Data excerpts
━━━━━━━━━━
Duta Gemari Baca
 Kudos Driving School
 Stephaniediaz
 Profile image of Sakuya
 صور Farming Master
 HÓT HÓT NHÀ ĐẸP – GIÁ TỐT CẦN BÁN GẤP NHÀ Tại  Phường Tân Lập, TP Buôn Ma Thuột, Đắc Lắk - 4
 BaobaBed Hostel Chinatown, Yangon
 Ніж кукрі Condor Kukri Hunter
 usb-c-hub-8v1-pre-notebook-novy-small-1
━━━━━━━━━━
**Exercise objective**
All of the entries above need to be reproduced exactly.

**Answer**
Duta Gemari Baca
 Kudos Driving School
 Stephaniediaz
 Profile image of Sakuya
 صور Farming Master
 HÓT HÓT NHÀ ĐẸP – GIÁ TỐT CẦN BÁN GẤP NHÀ Tại  Phường Tân Lập, TP Buôn Ma Thuột, Đắc Lắk - 4
 BaobaBed Hostel Chinatown, Yangon
 Ніж кукрі Condor Kukri Hunter
 usb-c-hub-8v1-pre-notebook-novy-small-1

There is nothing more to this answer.